Core Infrastructure: Expressions

The CoreExps trait provides the core functionality for representing expressions. It defines the super trait Exp[T] for expressions that evaluate to a value of type T, and it provides a way of automatically lifting (staging-time) constants into their (trivial) representation, Const[T].

trait CoreExps {
  trait Exp[T]

  case class Const[T](x: T) extends Exp[T]
  implicit def liftString(x: String): Exp[String] = Const(x)
}

It's really as simple as that: when a DSL program contains the string "hello", all we need to know in order to represent it, is its literal value, "hello", which is captured quite readily by the expression tree Const("hello").

The tutorials will extend CoreExps with more interesting types.

Example: Parser Combinators

(If you're not familiar with how parser combinators work, you may skip this section. It does not introduce anything new.
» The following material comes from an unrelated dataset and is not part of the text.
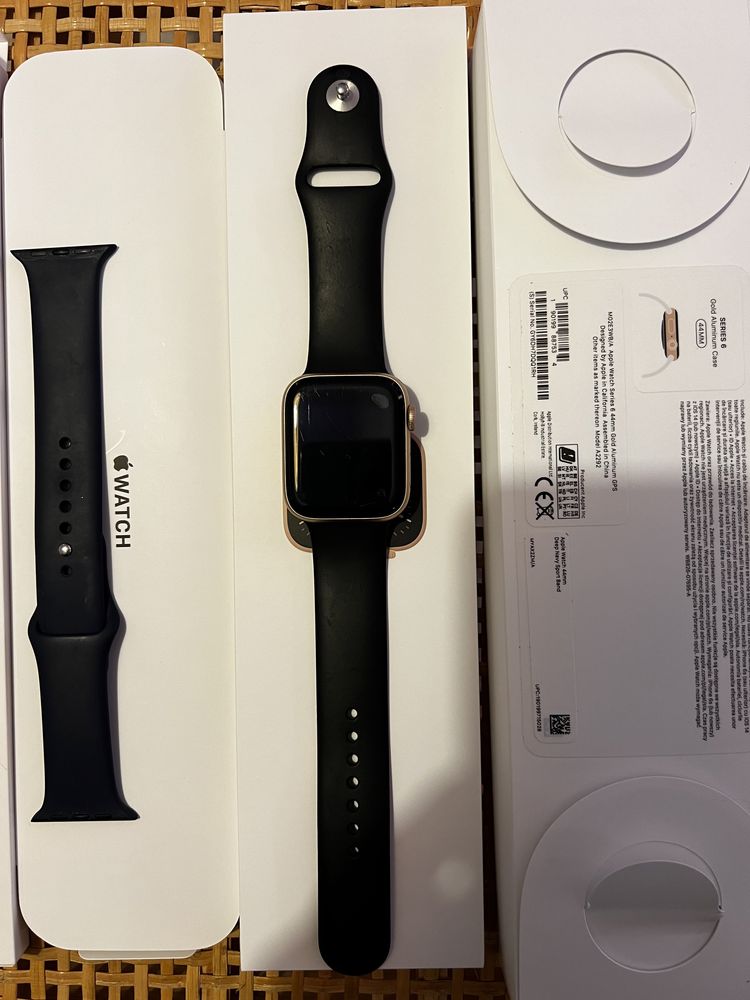 Apple Iwatch 6 Gold 44mm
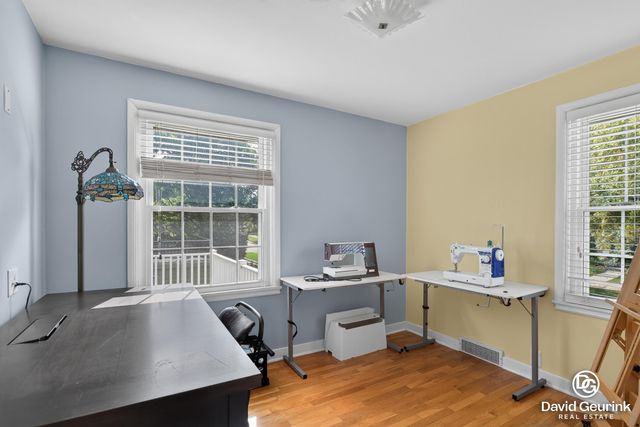 15 W 25th Street, Holland, MI 49423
It simply aims to ground the abstract concepts explained above in a concrete example that exists outside virtualized Scala.)

A similar principle is used in the parser combinator library: you write a | b to express the alternative of the production a or b, which looks like BNF, but it's also a valid Scala expression. More precisely, it's syntactic sugar for the method call a.|(b), where | is a method defined in the Parser class. Thus, it's BNF that's shallowly embedded into Scala.

It's important to note that the | method call does not do any parsing. It simply builds the description of a parser: this achieves the same thing as a deep embedding. This representation of a parser can later be applied to input.

We say that the domain program (a | b), which looks like it's written in a domain-specific language (BNF) with its own syntax, is represented by method calls in the host language, and these method calls are "intercepted" by the DSL to construct its internal representation of the domain program, or possibly to execute it directly, depending on the chosen implementation strategy.